Vídeo mostra o momento do acidente
Pelo amor de Deus. Pode haver mais motivos para alguém ser
preso?
Os juristas que ouvi informaram que o
delito do motorista — lesão corporal culposa (sem intenção) — não dá cadeia.
Mas, ainda que o Ministério Público denuncie o condutor por tentativa de
homicídio com dolo eventual (quando se assume o risco de matar), a
possibilidade de ele ser condenado por isso é minúscula.
Qual é o recado para a sociedade? O de
sempre: que a Justiça não funciona, que o Brasil é uma gandaia, que a
impunidade corre solta, que ser correto é uma idiotice e, claro, que um
delinquente pode abrir feridas eternas na vida de Rafaela e Thomaz que, tudo
bem, ninguém se importa.
Ou a sociedade — em especial o Congresso,
que é para isso que serve — abre imediatamente um debate sobre a leniência da
nossa legislação, ou amanhã mesmo, quando eu levar um tiro no peito ou um
Peugeot voar na minha cabeça, o criminoso continuará livre para encontrar você.
Um comentário:
Eu caro Jairo!
Respeito tua decisão de não falares em política. Na verdade o assunto que trazes é acerca do comportamento dos cidadãos na polis. Como históriafor sabes muito bem disso. Claro que sei que estás falando dos momentos dolorosos que vivemos. Estou te escrevendo numa tarde/noite muito triste. Esá ocorrendo a votação. Não tenho condições emocionais de acompanhá-la, por isso vim aqui te ler. Já te busquei ontem, há um tempo ainda não tinhas postado.
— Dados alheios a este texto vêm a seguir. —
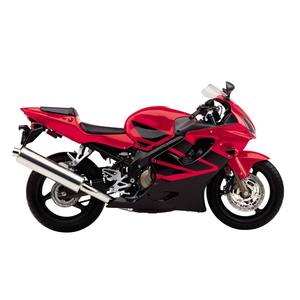 新型Hondas CBR600RRオートバイ - Product Image 4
Permito-me te trazer o encerramento que fiz em duas palestras dessa semana. Uma para mais de 600 pessoas. As comento na última edição de meu blogue. Inspirei-me em Fernando Savater:
Enquanto mulheres e homens envolvidos com a Ciência marcados por posturas éticas há três virtudes são essenciais e devem ser reforçadas:
• - a coragem para poder viver: pois vivemos diante da morte, das dificuldades e das ameaças, e não se pode viver eticamente sem coragem;
• - a generosidade para poder conviver: pois viver com outros exige, de alguma maneira, ceder, e precisamos limitar nossos desejos no choque com os demais;
• - e a prudência para sobreviver: pois a vida está cheia de armadilhas e de riscos, e exercer o bem é, muitas vezes, arriscado. Mas passar por martírios sem proveito não serve de nada.